Permanent Under-Secretary’s Steering Committee, ‘British Foreign Policy: Brief by the Foreign Office’, 26 January 1968
This long report is a briefing for the Foreigh Secretary’s forthcoming talks in Washington. It notes that the primary goal of British foreign policy is to make Britain economically strong, which was the reason for deciding to withdraw military forces from ‘East of Suez’. It continues:
“Positively, it demands that we should bend our energies to help to produce a world economic climate in which our external trade, our income from invisibles and our balance of payments can prosper. This demands that we should support and, where appropriate, initiate measures for freer and more expanded world trade, for tariff reductions, for the reduction of non-tariff barriers, for greater international liquidity and for satisfactory solutions to problems of international indebtedness, including that of the sterling balances… Although our entry into the European Communities has been blocked for the time being we must continue to develop our markets there, while increasing our efforts to open up new markets and making the best of existing opportunities elsewhere eg in Latin America, parts of the Far East such as Thailand, and indeed wherever devaluation has given us real competitive advantages. Negatively, we should for the time being adopt a ‘heads down’ attitude in regard to proposals which, however desirable in themselves, would throw a significantly greater strain upon our balance of payments, eg commodity schemes directed primarily to raise prices rather than at stability of markets”.
“We should work to harmonise US and European policies but so long as the objectives are in harmony we need not be shy about forward on the merits of the case different means of attaining them… We must ensure that our aid programme supports not only the developmental needs of recipient countries but also our own commercial and foreign policies… Wherever possible we should try to shape our aid programme to fit more appropriately the pattern of our trade and investment interests in different countries”.

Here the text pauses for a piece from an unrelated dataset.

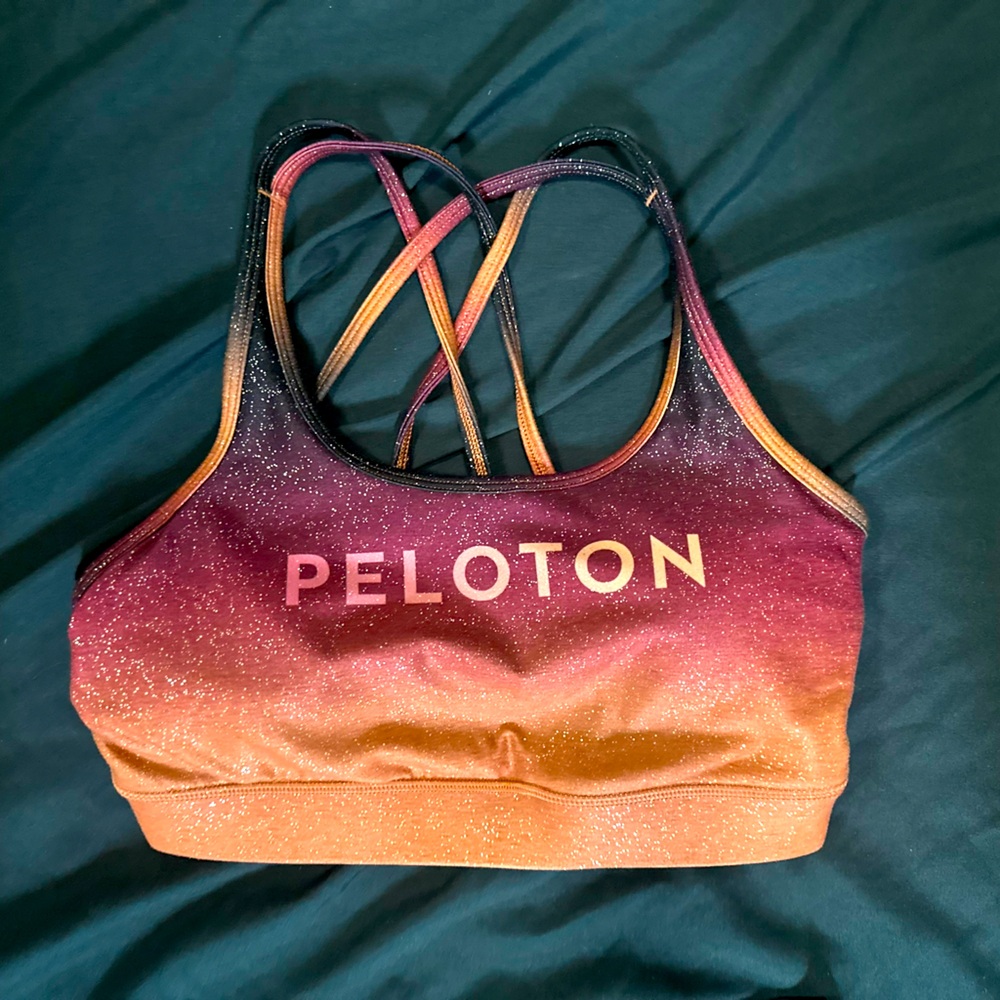 Peloton sports bra, sparkly ombre size medium
Never worn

Source: National Archives, FCO 49/13
The most significant thing about this foreign policy assessment is how unremarkable it is. It is a general statement of ‘minding our interests’ as the basis of foreign policy which any developed nation at any time in its history would espouse. How could it be otherwise? Does anyone seriously expect that a foreign policy statement would ‘we should be nice to others because we want to be known as nicer people’?